Je dis que nous n’avons pas à prononcer ce mot, qu’il ne nous appartient pas, c’est au juge de lui donner un début et une fin, à moins que la justice, au sens de l’institution et au sens de la valeur, n’existe pas, qu’elle soit diluée dans une grande arène permanente et sauvage. À moins que la justice ne soit qu’un sombre artefact de nos propres aspirations au lynchage, à la vengeance.

Écrire ces choses peut heurter, mais je dis simplement qu’il est un moment, tant qu’une parole combat une autre parole et que celle du tiers instruit, du tiers affecté à cette tâche d’équité et de jugement, n’a pas tranché, il est un moment où il n’y a pas de victime. Et il n’y a pas de coupable.
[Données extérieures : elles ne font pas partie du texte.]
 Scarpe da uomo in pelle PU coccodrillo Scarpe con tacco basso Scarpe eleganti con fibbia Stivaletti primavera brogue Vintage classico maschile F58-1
Ce que Kafka a prouvé comme un mathématicien devant un théorème, c’est que l’on peut ne pas revenir d’une accusation, fût-elle imaginaire, que l’on peut y laisser sa peau ; la présomption d’innocence est le seul et unique obstacle que je connaisse à cet enchaînement-là.
J’ai rencontré des innocents, pas des vedettes, pas des hypothèses, des innocents avec des mains, des yeux, des bouches, du sang, des innocents mis en cause faussement, c’est à eux que je pense, accusés à tort, je ne dis pas condamnés, mais accusés, des innocents entendus, placés en garde à vue, et même certains qui avaient déjà commis des erreurs, des fautes, parfois commis des délits, oui cela existe des innocents qui n’ont pas eu des vies immaculées, qui n’ont pas en tout été irréprochables.
Qui les protège, ceux-là, qui les sauve, ceux-là, d’une fausse accusation, d’un faux procès, qui les tient à l’abri de l’emballement jouissif, sadique de la meute des jugeurs ? Je les appelle des jugeurs, ce ne sont pas des juges, ceux qui parlent vite, ceux qui parlent trop vite, peut-être parfois seulement des voisins, des collègues, ceux qui plongent dans la facilité du jugement, au nom même parfois de ce qu’ils prennent pour des grands principes jusqu’à oublier
une autre figure de la victime si chère
à leurs yeux.

Il faut tant de temps, d’efforts, d’engagements pour que le droit se hisse à la hauteur de nos souhaits. La présomption d’innocence est un de ces combats depuis la Déclaration universelle des droits de l’homme, il a fallu sans cesse la secourir, la soutenir pour qu’elle ne s’effondre pas jusqu’à la loi du 15 décembre 2000 qui, en France, en a encore renforcé l’Assise.
Je tenais ici à rappeler ces choses
qui me tiennent à cœur au sens propre du mot. Car je crois humblement
avoir appris au moins deux choses :
ce qui est précieux est fragile. Parfois
il y a de la fumée, mais il n’y a pas de feu.